Ne vous méfiez pas du brouillard

En décembre 1994, je me suis perdu dans le brouillard. Et je m’en souviens. C’était dans le massif de la Chartreuse, non loin de Grenoble, exactement dans les entours du col de l’Alpe, le long du vallon de Pratcel, pour ceux qui connaissent. Le problème, c’est que j’avais commencé cette somptueuse balade bien trop tard dans la journée. Était-il trois heures de l’après-midi ? Peut-être bien.

Au point de départ, le pré Orcel, vers 1400 mètres seulement. Le brouillard était là, mais vacillant, semblant vaciller et reculer devant le soleil froid de l’hiver. Comment résister à un sentier qui monte vers une hêtraie ? J’y suis allé, bien entendu. La pente était couverte de fantômes de pins et de hêtres transis. Je marchais tout contre une falaise calcaire, une vieille bête taraudée par le temps, creusée de milliers de trous d’érosion. Le gris du monde était partout : dans la brume, sur les troncs et la roche.

À la cabane de l’Allier, des flammes bleues ont commencé à trouer le ciel au-dessus de la forêt. Le soleil perçait le front des nuages, et dispersait leurs troupes compactes. Naïvement, j’ai cru le pays conquis. Émergeant des nues, la montagne se découpait au loin, en une série de chromos. Roses. Le mont Blanc, la Vanoise, Belledonne, l’Oisans ! Je ne sais si vous connaissez. Je vous conseille.

Plus loin, les encorbellements de la falaise formaient par endroits des voûtes, égayées par de rares pins à crochet. Les hommes du Néolithique fréquentaient déjà le lieu, ainsi que l’extraordinaire ours des cavernes, notre si splendide Ursus spaelus. Les ancêtres plus récents n’étaient pas moins préhistoriques : je me rappelle avoir vu dans ces environs, à 1800 mètres d’altitude peut-être, une antique borne-frontière.

Car cette montagne avait jadis été disputée, entre France et Savoie. Sur la borne, il y avait d’un côté une fleur de lys, et de l’autre une croix de Savoie. S’était-on tué pour le calcaire ? Peut-être. Moi, je planais, je n’étais déjà plus de ce monde infernal. Je pensais aux chauves-souris des cavernes, très nombreuses. À la délicate sérotine de Nilsson, par exemple. Ou à l’aigle royal, qui devait espérer comme moi la victoire de la lumière pour entreprendre son vol, et saisir le lièvre. Je n’osais évoquer le spectre du tétras-lyre, si abondant aux temps lointains, mais alors en perdition.

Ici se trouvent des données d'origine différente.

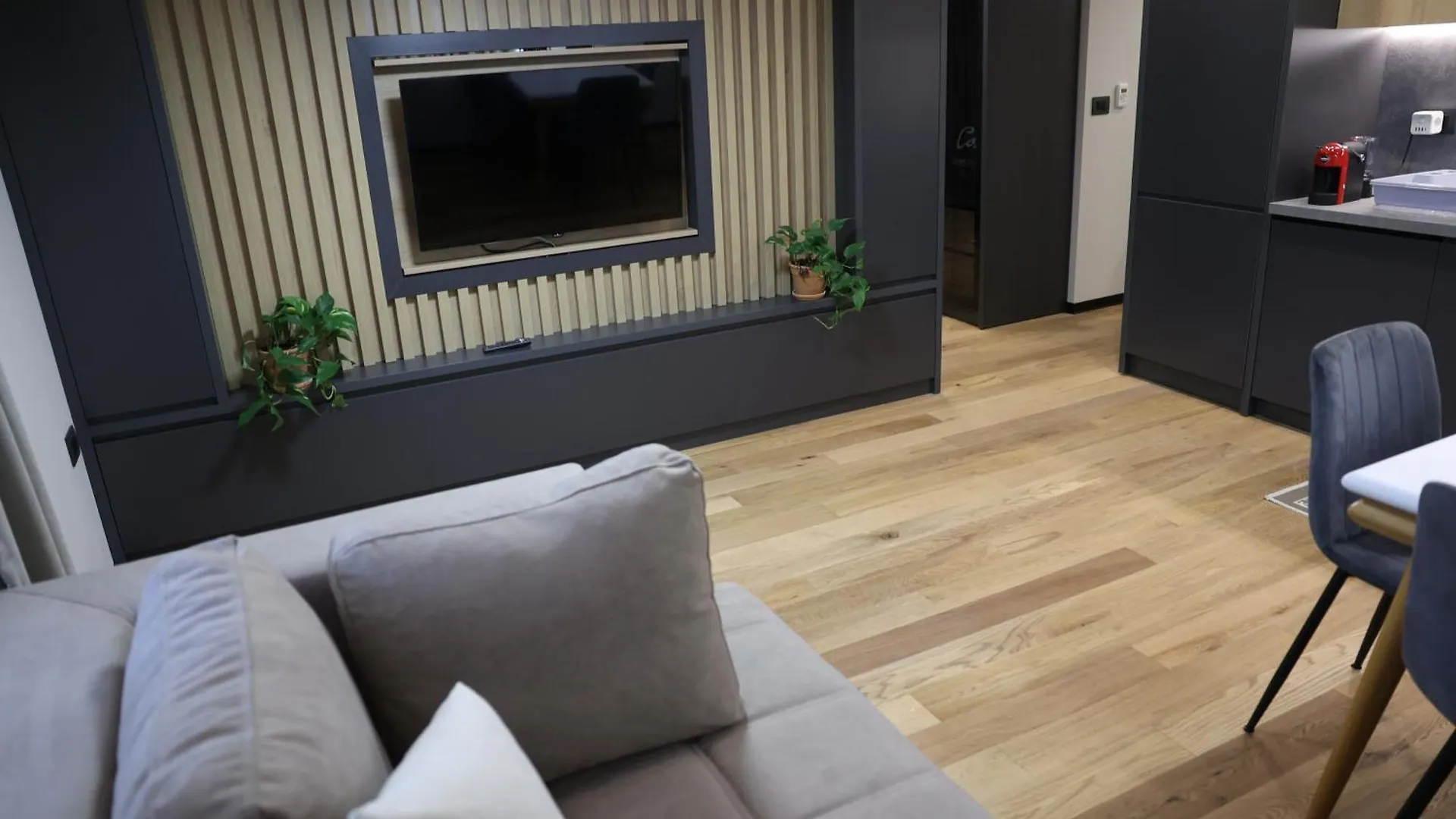 Tirana Premium Apartment 1 0*,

C’est ensuite que cela s’est gâté. En direction de la Roche de Fitta, la purée de pois a recouvert mes pas. Je crois bien que je ne voyais plus mes pieds. Et c’était d’autant plus fâcheux que je marchais sur un lapiaz. Pour ceux qui ne connaissent pas, je précise. Un lapiaz est une fantaisie géologique. Une surface calcaire torturée par l’eau et le gel, qui se présente sous la forme d’un fromage de Gruyère. Toute cette région de karst était de trous et de rigoles, de vasques et de fissures. Autant de redoutables pièges.

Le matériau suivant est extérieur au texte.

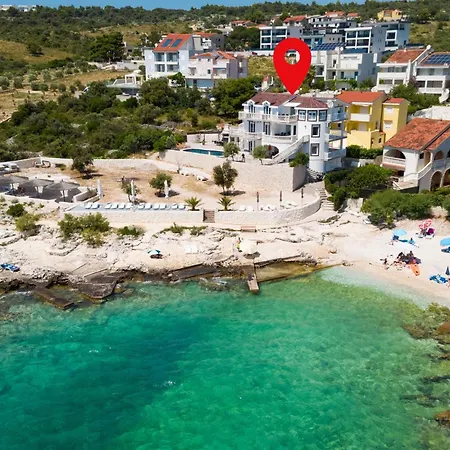 Studio Zecevo Rtic 8366a *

Je commençai à m’interroger. D’abord, pourquoi étais-je imbécile au point de partir en (moyenne) montagne à cette heure et dans ces conditions ? Ensuite, à quel moment la nuit rejoindrait-elle le brouillard ? Ce fut pourtant une splendeur, teintée d’angoisse. Car je rédécouvrais l’essentiel. L’essence même du mouvement, fait de prudence et d’attention. Ne pas tomber. Ne pas se tordre le pied dans une faille. Ne pas glisser. Surveiller la densité de la vapeur, guetter la seconde où elle s’effilocherait, qui me permettrait d’accrocher un repère. Oh ces longues minutes vers la Croix Gravée !

J’en suis sorti, comme vous voyez. Difficilement, vous pouvez m’en croire. Et je pourrais y être encore, mêlant mes os à ceux d’Ursus spaelus, dont je regrette tant la disparition. Par extraordinaire, lors que j’avais déjà rejoint cette folle frontière entre France et Savoie, j’ai même aperçu, me tournant vers le vallon de Pratcel, un coucher de soleil d’une émouvante beauté.

L’au-revoir de l’astre rouge illuminait la mer blanche des stratus. En toile de fond, trois ou quatre crêtes, aussi noires que goudron, se détachaient pour l’éternité. J’ai regardé le firmament, dont le bleu s’était changé en marine. Une première étoile. Je savais bien pourquoi j’étais aussi idiot.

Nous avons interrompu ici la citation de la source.